[LISTED ENTRIES Boundary: Start]
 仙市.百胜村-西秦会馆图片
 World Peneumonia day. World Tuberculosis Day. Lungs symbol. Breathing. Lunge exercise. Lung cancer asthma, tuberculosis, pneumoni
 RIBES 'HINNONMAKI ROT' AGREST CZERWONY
[LISTED ENTRIES Boundary: End]
[LISTED ENTRIES Boundary: Start]
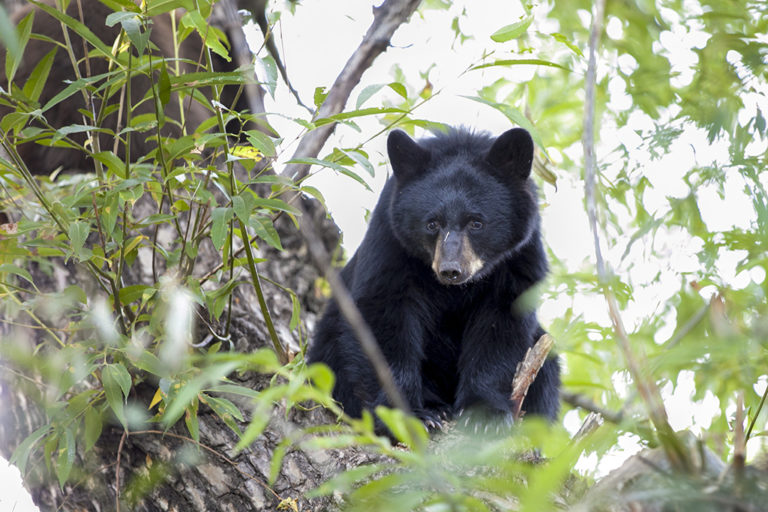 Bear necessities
[LISTED ENTRIES Boundary: End]
[LISTED ENTRIES Boundary: Start]
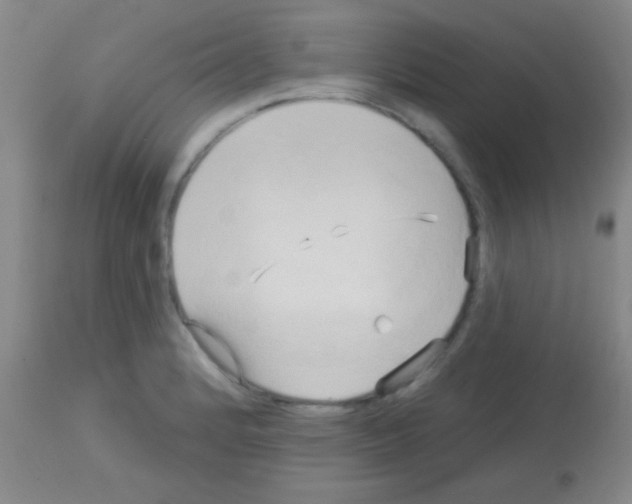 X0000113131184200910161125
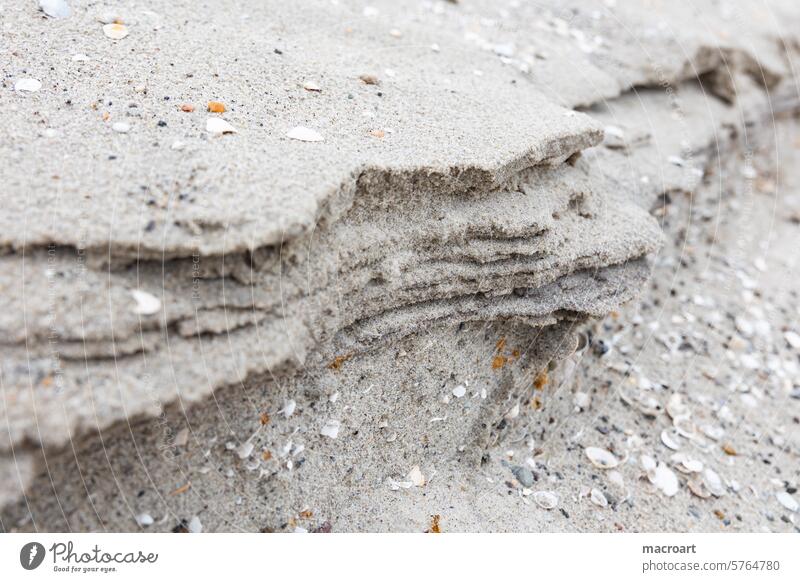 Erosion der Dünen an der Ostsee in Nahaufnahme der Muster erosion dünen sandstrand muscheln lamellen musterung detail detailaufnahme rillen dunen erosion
[LISTED ENTRIES Boundary: End]
PROBLEM DETAILS: The lines above from the one with "仙市.百胜村-西秦会馆图片" through the one with "RIBES 'HINNONMAKI ROT' AGREST CZERWONY" are to be duplicated exactly, ends included, with nothing added.

RESULT OF THE EXERCISE:
 仙市.百胜村-西秦会馆图片
 World Peneumonia day. World Tuberculosis Day. Lungs symbol. Breathing. Lunge exercise. Lung cancer asthma, tuberculosis, pneumoni
 RIBES 'HINNONMAKI ROT' AGREST CZERWONY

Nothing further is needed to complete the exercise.